The backstory to Ryder Ripps’s exhibition at Postmasters, ‘Ho’, is that the artist was fascinated with the selfie-laden Instagram account of model, entrepreneur and fitness advocate Adrianne Ho. (Ho is Canadian with French and Chinese ancestry, hence the show’s title is a play on her last name that manages to be racist and misogynist simultaneously.) Ripps takes Ho to be a representative of a vague cultural phenomenon the artist titles ‘corny-core’. In an online slideshow hosted on Tumblr that Ripps created for the show, he writes: ‘Corny-core things bring a mawkishly sentimental tone to everyday, common things [through] the gratuitous use of filters and vague sentiment under the guise of documentation.’ (The term clearly rides on the coat-tails of K-Hole’s neologism ‘norm core’, shortlisted for the Oxford English Dictionary’s word of the year in 2014.) He further explains his process: ‘I began screen capping Adrianne Ho’s photos and digitally warping them ... it just felt like the natural thing to do with bottled-up emotion […] At its core, the work is pretty aggressive.’ And he’s not wrong.
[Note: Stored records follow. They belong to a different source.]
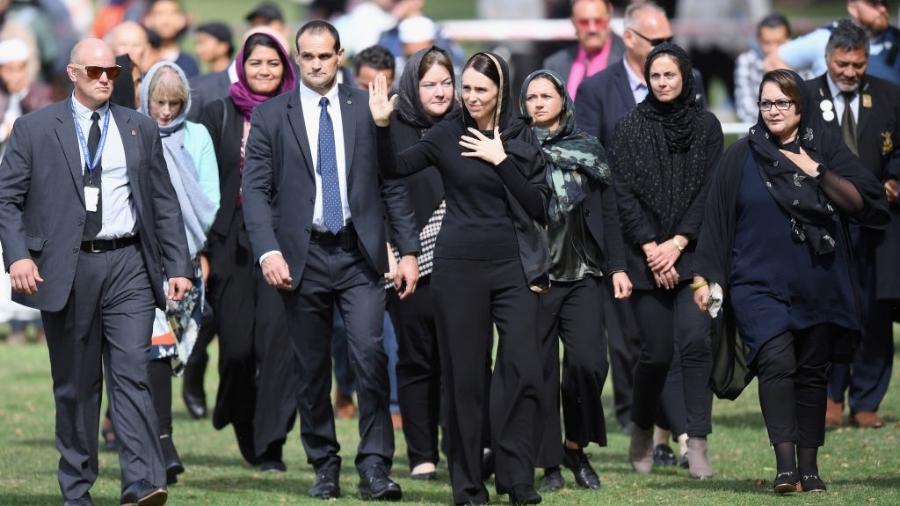 A primeira-ministra da Nova Zelândia, Jacinda Ardern, veste véu para visitar mesquita  - Getty Images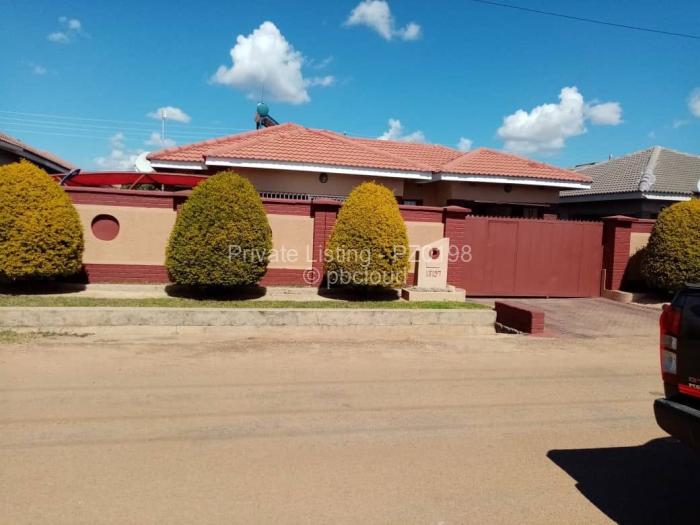 House for Sale in Madokero Estates, Harare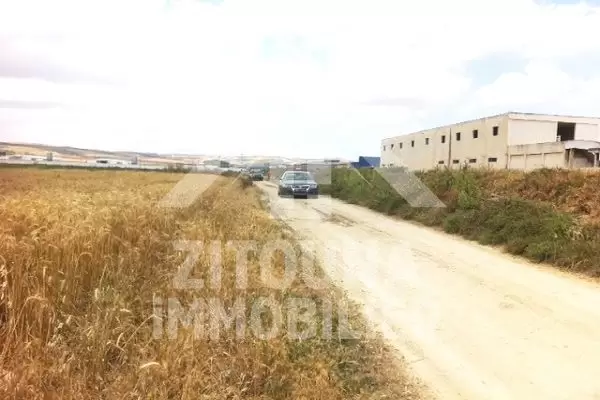 Terrain à vendre, trés bonne occasion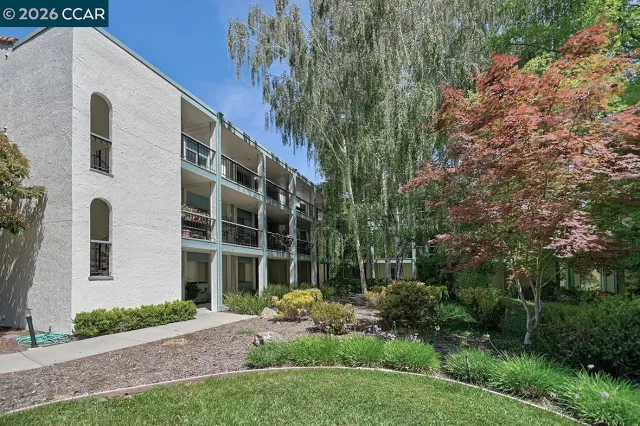 MLS: 41133489 Condo For Sale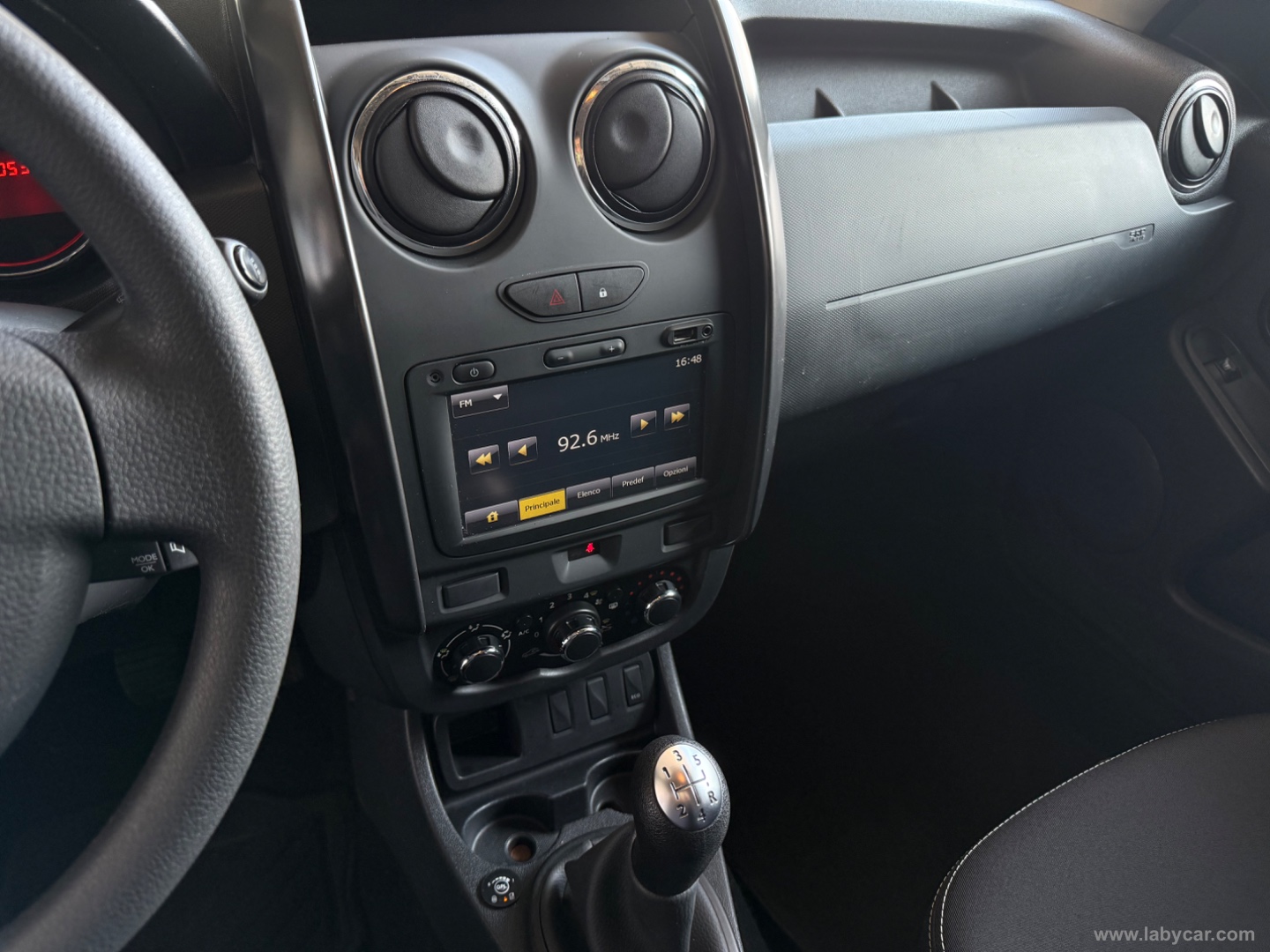 Duster 1.6 110 CV 4x2 GPL Lauréate - immagine 10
Ripps has manipulated the images to make her look ugly by conventional standards, and then created oil paintings based on his digitally modified images. In one painting, her nose becomes bulbous to the point of disfiguration (Nose Reflection, all works 2014); in another, her face is compressed into an alien-like arrangement (Mona Lisa); an additional work shrinks her waist to a spine’s width (Hourglass). This, of course, is a pointed thing to do to an image of a woman whose power hinges on her body’s appearance and her control over it. According to Ripps, Ho’s images made him ‘feel flustered’: the desire to alter her body stemmed from his feelings of frustration and emasculation – that, because he was overwhelmed by the strength and confidence of a beautiful woman, he felt the need to exercise his power over her by dehumanizing her image. In his aforementioned online slide presentation, Ripps writes: ‘I felt some similarities with Francis Bacon, imposing a similar sense of carnage and aggression onto the subject […] Feeling good about where the work sat in the context of art history, particularly oil painting, I decided to hire Jeff Koons’s assistants to paint the pieces.’ Ripps also cites Thomas Hart Benton (a notorious homophobe) and the abstract expressionists, but none of these grab-bag references seem evident in the work itself.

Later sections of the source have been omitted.